Description of the task: Your reply should be a faithful copy of the records below, free of pictures.

[Excerpts from a dataset]
------------

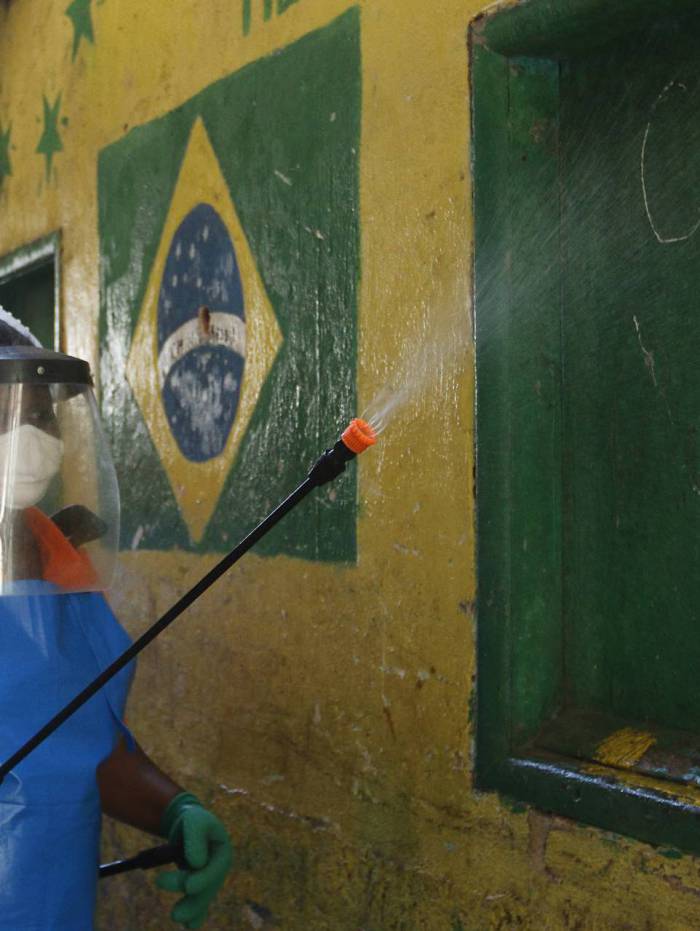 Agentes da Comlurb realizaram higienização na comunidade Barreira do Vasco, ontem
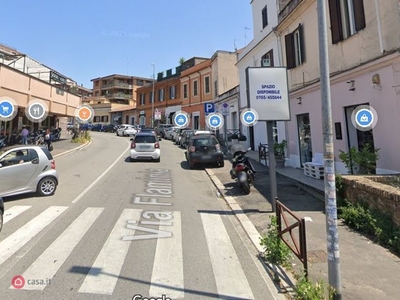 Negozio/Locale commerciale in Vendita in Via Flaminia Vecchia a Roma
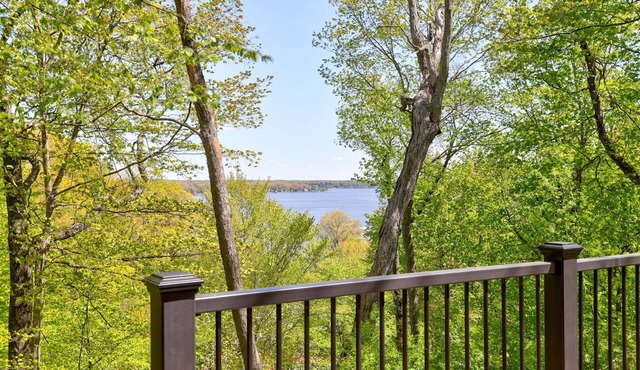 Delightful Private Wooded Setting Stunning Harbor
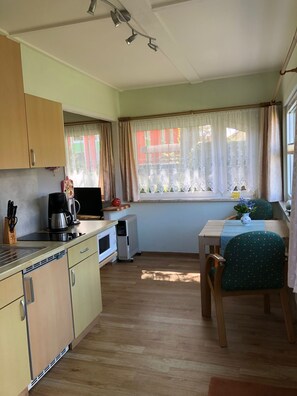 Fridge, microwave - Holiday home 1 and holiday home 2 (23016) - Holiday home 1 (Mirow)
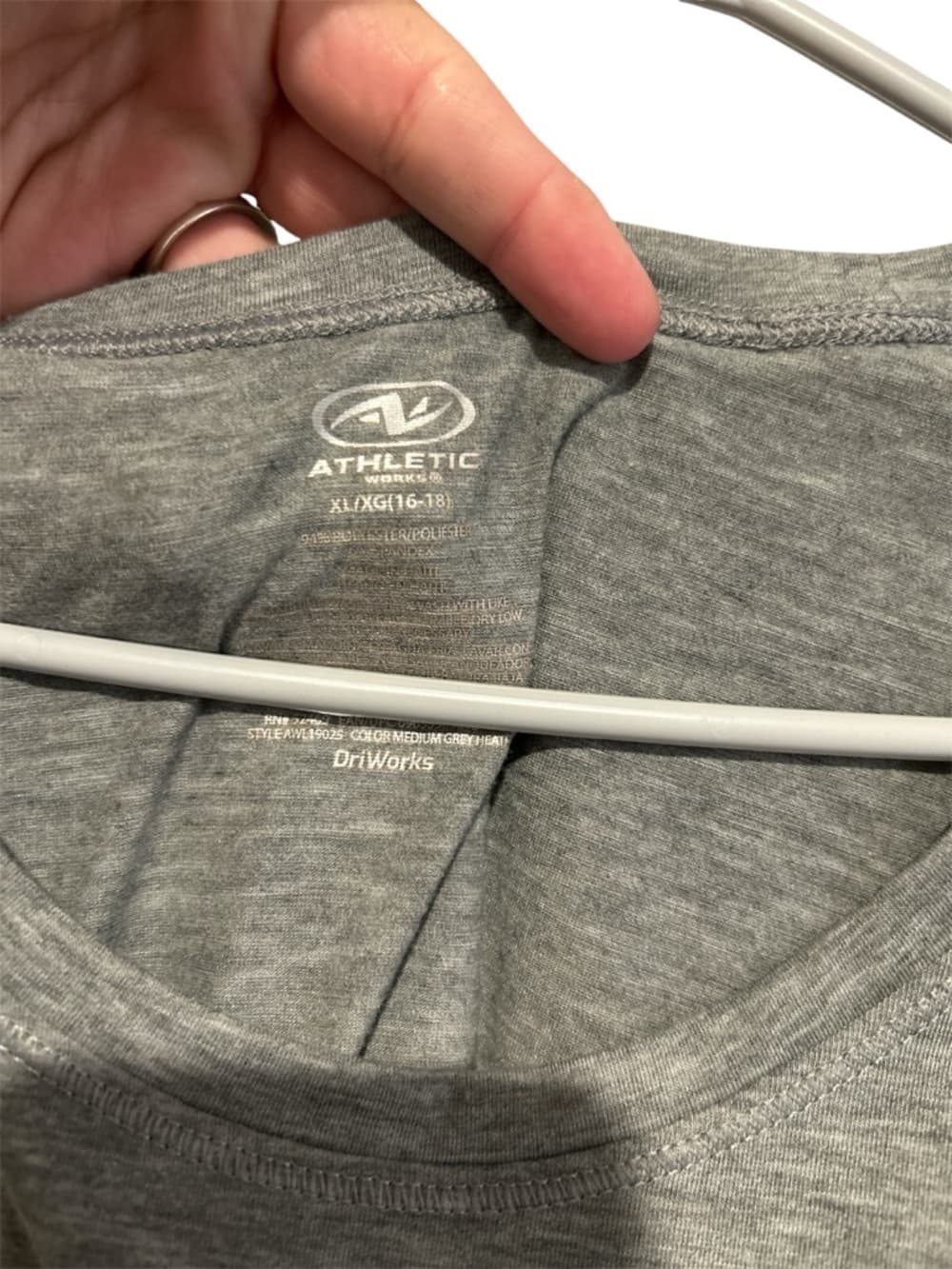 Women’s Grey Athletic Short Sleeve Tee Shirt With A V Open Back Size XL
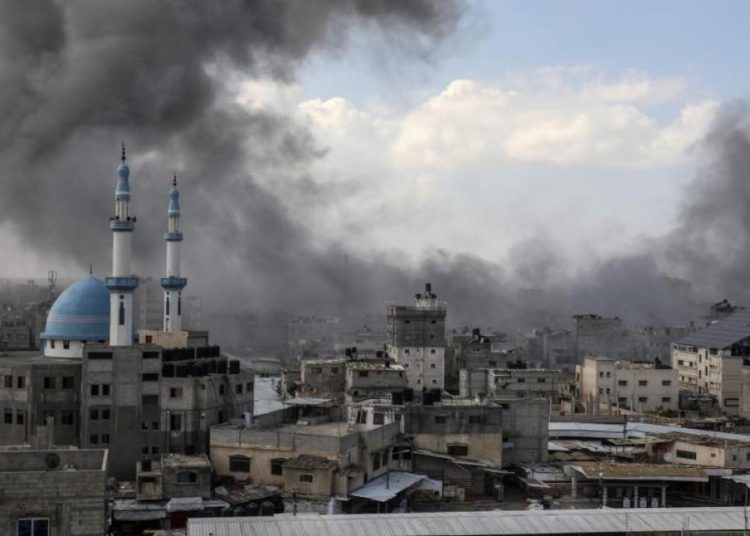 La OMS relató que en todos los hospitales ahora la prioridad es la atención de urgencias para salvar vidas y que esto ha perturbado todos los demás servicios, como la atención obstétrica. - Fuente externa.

------------

The completed task:
 Agentes da Comlurb realizaram higienização na comunidade Barreira do Vasco, ontem
 Negozio/Locale commerciale in Vendita in Via Flaminia Vecchia a Roma
 Delightful Private Wooded Setting Stunning Harbor
 Fridge, microwave - Holiday home 1 and holiday home 2 (23016) - Holiday home 1 (Mirow)
 Women’s Grey Athletic Short Sleeve Tee Shirt With A V Open Back Size XL
 La OMS relató que en todos los hospitales ahora la prioridad es la atención de urgencias para salvar vidas y que esto ha perturbado todos los demás servicios, como la atención obstétrica. - Fuente externa.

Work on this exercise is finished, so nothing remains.